In 2002, her trio Dream (I. S. o. F.) was awarded at the Summer Music Academy Budapest-Prague-Vienna. In 2015, her music for Tačka prekida, a film by Igor Toholj, won the best film music award at the 56th Belgrade Documentary and Short Film Festival. At the 2015 International Rostrum of Composers in Tallinn, her composition Lines & Circles… was included among the ten works recommended by the festival. In 2016–17, she was one of 16 participants selected to take part in the CEEC Composers Fieldtrip to China.

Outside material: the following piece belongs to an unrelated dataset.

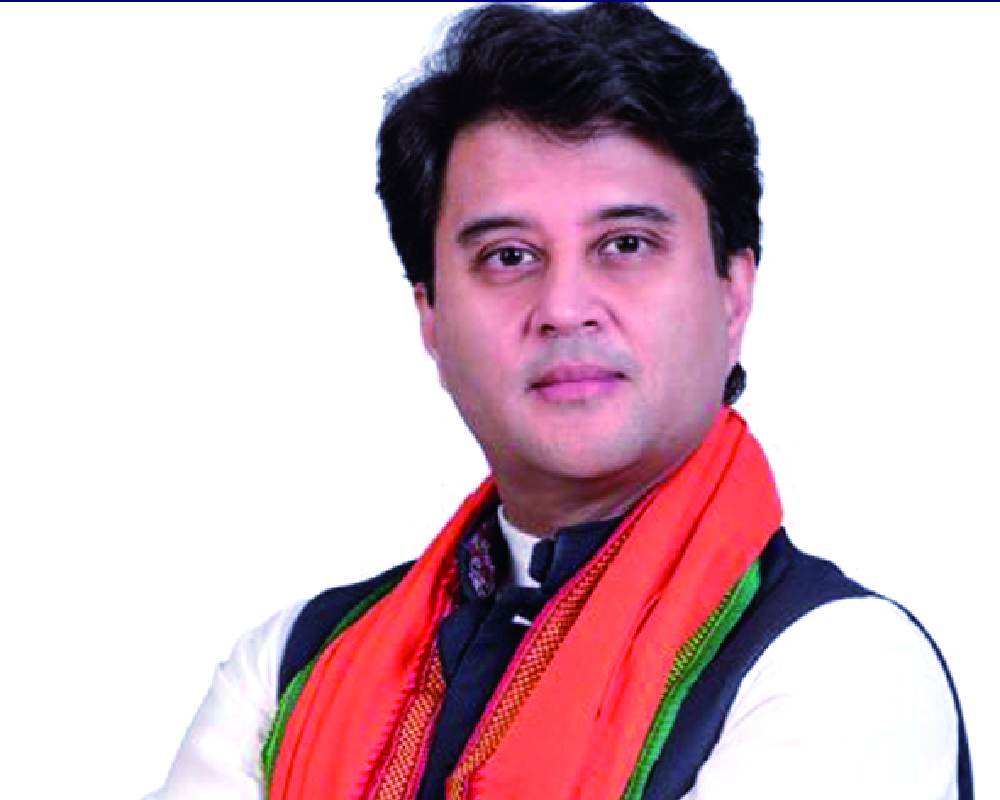 Scindia strengthens personal bond with workers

Four Darks in Red for clarinet, violin, and piano was inspired by Mark Rothko’s eponymous painting. The painting came about in 1958 as a product of Rothko’s own abstract style, wherein geometrically shaped coloured surfaces, in various shades of one and the same colour or within a carefully selected spectrum of colours, float on the painting’s surface. Even though critics often interpreted Rothko’s paintings primarily by analysing the formal order of the elements of his paintings, he insisted that he was interested in expressing strong emotions – tragedy and ecstasy. In Four Darks in Red, the canvas is static, while in the eye of the observer, deeply immersed in the painting, the surfaces appear to start flickering and moving. The perception of movement is an optical illusion emerging as a reaction of the observer and depends on her perception of the painting. The piece Four Darks in Red is one among many possible musicalisations of Rothko’s canvas.